On Sat, 19 May 2018, at 21:34, RJ Skerry-Ryan wrote:
> It may not be the state of the art, but RubberBand
> <https://breakfastquay.com/rubberband/> is, I believe, the best open source
> pitch shift / time stretch library out there at the moment, and can run in
> realtime on modern CPUs.

See here for a page very briefly summarising how Rubber Band works:
https://breakfastquay.com/rubberband/technical.html
In short, it's a phase vocoder that uses a handful of the available tricks to 
try to reduce phasiness, without doing any very expensive analysis such as 
sinusoidal modelling.

There is actually a fine sinusoidal-modelling time stretcher hiding in 
Audacity, using the SBSMS library by Clayton Otey.

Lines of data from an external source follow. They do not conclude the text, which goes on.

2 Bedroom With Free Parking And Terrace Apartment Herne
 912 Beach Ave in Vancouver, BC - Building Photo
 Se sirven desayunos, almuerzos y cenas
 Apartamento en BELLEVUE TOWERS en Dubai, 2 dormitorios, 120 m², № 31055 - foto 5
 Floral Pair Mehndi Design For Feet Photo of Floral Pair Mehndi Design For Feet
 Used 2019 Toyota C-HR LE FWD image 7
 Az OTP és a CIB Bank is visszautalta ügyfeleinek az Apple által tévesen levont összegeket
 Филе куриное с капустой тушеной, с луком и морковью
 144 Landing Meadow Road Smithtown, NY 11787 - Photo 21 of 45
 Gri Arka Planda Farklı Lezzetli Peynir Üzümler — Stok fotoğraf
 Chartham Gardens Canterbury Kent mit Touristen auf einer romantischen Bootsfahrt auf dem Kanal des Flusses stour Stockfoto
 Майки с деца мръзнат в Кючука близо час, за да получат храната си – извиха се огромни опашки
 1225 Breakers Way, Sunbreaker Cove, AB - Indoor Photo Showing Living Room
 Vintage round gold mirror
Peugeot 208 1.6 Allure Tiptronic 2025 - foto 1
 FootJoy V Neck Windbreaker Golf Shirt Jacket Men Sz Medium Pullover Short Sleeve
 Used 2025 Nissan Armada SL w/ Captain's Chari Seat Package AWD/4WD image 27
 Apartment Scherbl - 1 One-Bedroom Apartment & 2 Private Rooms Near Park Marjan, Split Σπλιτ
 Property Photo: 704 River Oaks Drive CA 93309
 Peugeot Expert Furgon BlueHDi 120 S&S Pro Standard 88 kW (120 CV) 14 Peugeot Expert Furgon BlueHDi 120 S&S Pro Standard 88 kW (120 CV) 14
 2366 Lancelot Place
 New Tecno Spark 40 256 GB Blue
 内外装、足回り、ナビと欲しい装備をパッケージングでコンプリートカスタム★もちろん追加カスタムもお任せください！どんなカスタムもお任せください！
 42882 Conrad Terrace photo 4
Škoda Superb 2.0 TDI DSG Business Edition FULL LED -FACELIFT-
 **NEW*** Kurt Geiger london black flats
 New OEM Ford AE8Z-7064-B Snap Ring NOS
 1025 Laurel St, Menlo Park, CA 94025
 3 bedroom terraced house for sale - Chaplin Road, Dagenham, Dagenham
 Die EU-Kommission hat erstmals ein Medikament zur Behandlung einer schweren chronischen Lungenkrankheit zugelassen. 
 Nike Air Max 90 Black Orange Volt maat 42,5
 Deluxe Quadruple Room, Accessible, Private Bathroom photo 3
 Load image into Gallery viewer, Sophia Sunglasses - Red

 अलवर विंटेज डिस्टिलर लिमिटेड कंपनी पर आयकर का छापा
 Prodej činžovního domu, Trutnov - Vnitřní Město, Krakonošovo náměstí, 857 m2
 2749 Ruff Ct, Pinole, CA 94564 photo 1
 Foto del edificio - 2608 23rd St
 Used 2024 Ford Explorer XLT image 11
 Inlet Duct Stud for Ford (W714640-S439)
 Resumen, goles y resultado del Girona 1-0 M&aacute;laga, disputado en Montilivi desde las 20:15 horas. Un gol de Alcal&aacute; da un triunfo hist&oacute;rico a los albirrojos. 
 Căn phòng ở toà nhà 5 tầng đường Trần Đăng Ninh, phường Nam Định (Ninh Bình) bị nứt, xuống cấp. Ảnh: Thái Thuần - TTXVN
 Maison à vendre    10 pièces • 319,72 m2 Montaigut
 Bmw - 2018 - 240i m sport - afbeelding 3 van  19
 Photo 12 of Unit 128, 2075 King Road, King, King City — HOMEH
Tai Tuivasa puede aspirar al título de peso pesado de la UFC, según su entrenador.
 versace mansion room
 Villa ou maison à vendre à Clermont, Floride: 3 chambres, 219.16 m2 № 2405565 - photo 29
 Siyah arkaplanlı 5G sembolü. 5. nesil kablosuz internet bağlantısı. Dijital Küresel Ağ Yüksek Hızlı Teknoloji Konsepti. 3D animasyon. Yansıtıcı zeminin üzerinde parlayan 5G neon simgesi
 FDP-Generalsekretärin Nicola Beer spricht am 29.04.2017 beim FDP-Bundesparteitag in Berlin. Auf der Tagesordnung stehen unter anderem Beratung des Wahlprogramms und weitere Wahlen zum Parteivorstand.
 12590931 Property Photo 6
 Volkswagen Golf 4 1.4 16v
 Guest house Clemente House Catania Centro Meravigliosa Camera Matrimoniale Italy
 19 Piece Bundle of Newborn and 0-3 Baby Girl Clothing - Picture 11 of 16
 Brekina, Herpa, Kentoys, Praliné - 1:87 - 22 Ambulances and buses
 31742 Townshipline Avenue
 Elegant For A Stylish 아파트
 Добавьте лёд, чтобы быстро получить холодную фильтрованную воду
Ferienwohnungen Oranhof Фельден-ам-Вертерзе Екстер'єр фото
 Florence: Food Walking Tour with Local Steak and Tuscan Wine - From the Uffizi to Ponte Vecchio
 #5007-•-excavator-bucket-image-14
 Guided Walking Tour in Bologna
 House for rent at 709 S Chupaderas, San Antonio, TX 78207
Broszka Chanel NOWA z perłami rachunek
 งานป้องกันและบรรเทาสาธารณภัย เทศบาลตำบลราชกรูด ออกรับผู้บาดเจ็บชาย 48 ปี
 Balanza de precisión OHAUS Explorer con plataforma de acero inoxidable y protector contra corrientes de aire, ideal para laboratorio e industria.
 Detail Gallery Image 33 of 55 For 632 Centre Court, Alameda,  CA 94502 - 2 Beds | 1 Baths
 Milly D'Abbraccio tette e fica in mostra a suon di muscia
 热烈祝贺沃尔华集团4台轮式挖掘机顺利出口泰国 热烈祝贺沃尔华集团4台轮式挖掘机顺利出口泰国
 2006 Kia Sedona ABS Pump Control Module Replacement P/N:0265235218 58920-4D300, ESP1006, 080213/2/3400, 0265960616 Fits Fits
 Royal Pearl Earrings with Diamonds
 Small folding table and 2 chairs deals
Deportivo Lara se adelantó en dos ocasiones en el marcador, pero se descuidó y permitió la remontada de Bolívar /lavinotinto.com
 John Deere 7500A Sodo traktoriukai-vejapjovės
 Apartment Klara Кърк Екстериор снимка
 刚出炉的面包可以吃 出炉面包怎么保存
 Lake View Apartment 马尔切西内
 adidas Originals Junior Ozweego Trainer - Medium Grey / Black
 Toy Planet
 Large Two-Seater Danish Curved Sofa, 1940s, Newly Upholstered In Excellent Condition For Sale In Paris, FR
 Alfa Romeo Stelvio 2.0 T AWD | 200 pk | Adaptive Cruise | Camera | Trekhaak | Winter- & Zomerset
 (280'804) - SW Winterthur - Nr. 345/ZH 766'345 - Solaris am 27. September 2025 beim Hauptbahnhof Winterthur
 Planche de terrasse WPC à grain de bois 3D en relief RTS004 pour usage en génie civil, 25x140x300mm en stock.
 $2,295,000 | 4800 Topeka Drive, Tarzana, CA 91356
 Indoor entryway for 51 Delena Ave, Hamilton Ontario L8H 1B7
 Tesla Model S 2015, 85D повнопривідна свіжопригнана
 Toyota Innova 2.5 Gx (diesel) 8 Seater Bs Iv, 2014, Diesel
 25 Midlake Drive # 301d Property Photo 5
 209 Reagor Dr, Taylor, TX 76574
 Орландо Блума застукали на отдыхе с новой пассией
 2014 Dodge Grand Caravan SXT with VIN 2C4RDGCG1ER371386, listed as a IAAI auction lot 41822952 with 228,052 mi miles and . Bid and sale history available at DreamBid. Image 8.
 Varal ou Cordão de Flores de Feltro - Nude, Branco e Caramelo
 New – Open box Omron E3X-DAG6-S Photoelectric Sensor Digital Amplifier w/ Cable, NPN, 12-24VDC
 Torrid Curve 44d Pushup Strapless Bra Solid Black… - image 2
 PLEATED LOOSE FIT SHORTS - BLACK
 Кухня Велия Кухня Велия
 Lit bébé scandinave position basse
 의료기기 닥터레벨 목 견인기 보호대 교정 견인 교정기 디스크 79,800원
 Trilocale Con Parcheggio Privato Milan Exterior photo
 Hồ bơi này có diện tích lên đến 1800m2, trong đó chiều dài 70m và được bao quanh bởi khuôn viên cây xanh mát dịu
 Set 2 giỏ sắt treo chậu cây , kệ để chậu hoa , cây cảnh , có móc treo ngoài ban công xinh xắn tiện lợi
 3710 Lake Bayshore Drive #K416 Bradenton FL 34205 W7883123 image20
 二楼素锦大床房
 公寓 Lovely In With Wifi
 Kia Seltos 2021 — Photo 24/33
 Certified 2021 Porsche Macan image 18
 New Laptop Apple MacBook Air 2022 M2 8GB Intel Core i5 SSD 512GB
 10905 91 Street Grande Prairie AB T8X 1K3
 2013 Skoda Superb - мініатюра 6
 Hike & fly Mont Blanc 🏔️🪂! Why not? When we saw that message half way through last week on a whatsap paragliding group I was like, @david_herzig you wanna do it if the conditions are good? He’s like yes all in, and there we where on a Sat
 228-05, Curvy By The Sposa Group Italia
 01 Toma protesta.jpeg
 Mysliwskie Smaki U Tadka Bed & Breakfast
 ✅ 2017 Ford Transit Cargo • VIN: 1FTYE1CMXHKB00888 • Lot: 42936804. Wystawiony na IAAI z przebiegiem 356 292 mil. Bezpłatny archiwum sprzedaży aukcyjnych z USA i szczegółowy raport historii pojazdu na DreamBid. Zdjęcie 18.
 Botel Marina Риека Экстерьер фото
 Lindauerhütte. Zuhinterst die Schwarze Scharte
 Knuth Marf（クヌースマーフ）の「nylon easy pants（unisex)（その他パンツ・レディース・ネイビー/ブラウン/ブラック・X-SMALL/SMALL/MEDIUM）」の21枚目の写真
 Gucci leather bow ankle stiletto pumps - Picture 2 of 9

This isn't a real-time 
method as far as I can see, and is slow to run, but it's worth checking out -- 
you activate it by selecting the Change Tempo or Change Pitch effect and 
checking the option labelled "Use high quality stretching". Code at 
https://github.com/audacity/audacity/tree/master/lib-src/sbsms.

Stephan Bernsee's old post is a bit of a puzzle, since it contains quite a lot 
about analysis/resynthesis but very little about actual pitch shifting.